Lucretius’ teachings favor peaceful pursuits over war among humans. His poetic musings depict graphically negative images of war and in contrast, people showing support for one another while enjoying their time together. As examples, he points to the Trojan War, with its goal of liberating Helen of Troy, and to the Peloponnesian Wars. In these deadly and protracted events virtually everyone lived in fear from the uncertainty over which side would win and thus become the ruling power. This tension can be avoided, he posits, if one can overcome the fear of death. Throughout the life of Lucretius, Rome engaged in many power struggles leading, for example, to the fall of the republican regime that had existed for much of his life. While not perfect, that reign did provide a sense of familiarity and prevented fear over what might take over in its wake.

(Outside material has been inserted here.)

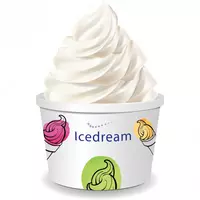  ICEDREAM cухие смеси для мягкого мороженого Молочная мечта 1 6кг -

On the Nature of Things may or may not exist in the final form that Lucretius envisioned, but the structure and organization are quite clear. The work is divided into six books, or parts, which in turn make up three pairs of books. The first two sections are concerned with the basic elements of the universe. He presents principles of the atomic system, deals with the infinite nature of the universe, and with its components, which are matter and void. Further, he explains atomic movement and shapes. In the scientific philosophy of Lucretius everything evolves from atoms.  Atoms are innumerable and space is infinite. Atoms are always in motion and can be neither created nor destroyed. These concepts, an extension of the work of Epicurus, form much of the basis of modern physics. Further explained is the idea that as atoms collide with each other they form clusters, bigger clusters, galaxies, and everything therein. The atoms that make up the human body, upon death, survive to continue the cycle of creation, growth, and death.

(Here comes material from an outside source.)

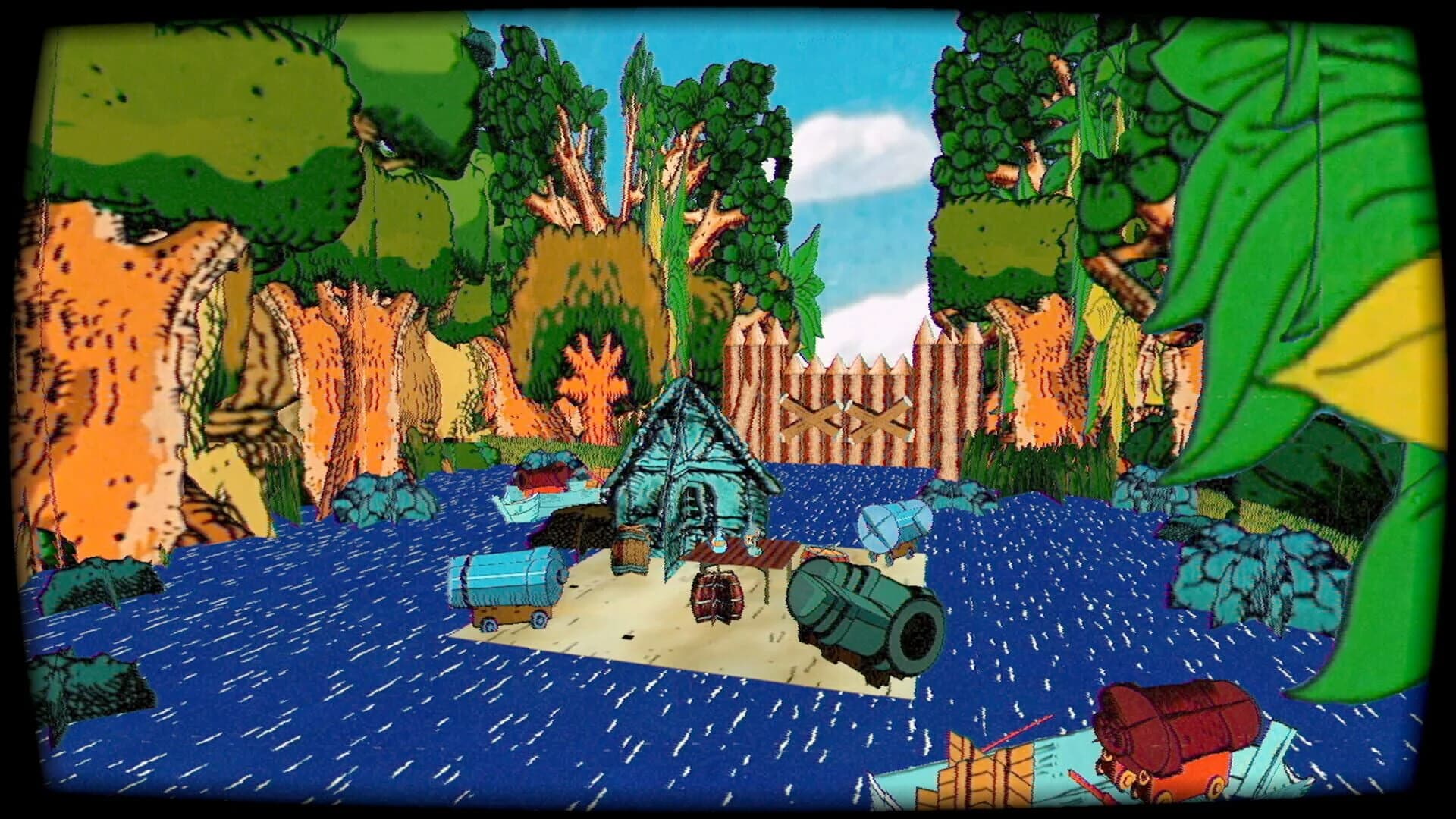 Dr Livesey Rom and Death Edition screenshot 2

The second pair of books concerns the soul. Here, Lucretius discusses the mind and spirit and proves their mortality, saying that death is not to be feared. Sensation and thought are dealt with next, leading to a discourse on sexual love. The last two books focus on astronomical phenomena and the creation of the world as well as the emergence of life on earth and the growth of civilizations. Earthquakes, volcanoes, lightning, and other aspects of land and the atmosphere serve as topics in the final book.

Lucretius has received criticism mixed with praise over the years with respect to the portions of his poem that deal with scientific phenomena, and for his writings about religion, with their oppositional view towards the traditional beliefs and viewpoints. There has, however, been little if any disagreement over the literary merit of On the Nature of Things. The poem is widely revered as a masterpiece for its poetic use of language, structural technique, and view of humanity. Such is its scope that it is thought to have inspired a multitude of others in subsequent times, including Michel de Montaigne and Edmond Spenser. On the Nature of Things was also cited by Voltaire during his attacks on the Catholic Church.